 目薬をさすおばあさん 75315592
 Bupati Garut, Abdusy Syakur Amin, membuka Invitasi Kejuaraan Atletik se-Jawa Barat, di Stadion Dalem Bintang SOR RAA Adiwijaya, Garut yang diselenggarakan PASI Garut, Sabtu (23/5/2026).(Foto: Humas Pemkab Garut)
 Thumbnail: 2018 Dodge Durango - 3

■ **Description of the task**
Using the listing above, print the line containing "Bupati Garut, Abdusy" and every line after it exactly, up to and including the last.

■ **Result for this task**
 Bupati Garut, Abdusy Syakur Amin, membuka Invitasi Kejuaraan Atletik se-Jawa Barat, di Stadion Dalem Bintang SOR RAA Adiwijaya, Garut yang diselenggarakan PASI Garut, Sabtu (23/5/2026).(Foto: Humas Pemkab Garut)
 Thumbnail: 2018 Dodge Durango - 3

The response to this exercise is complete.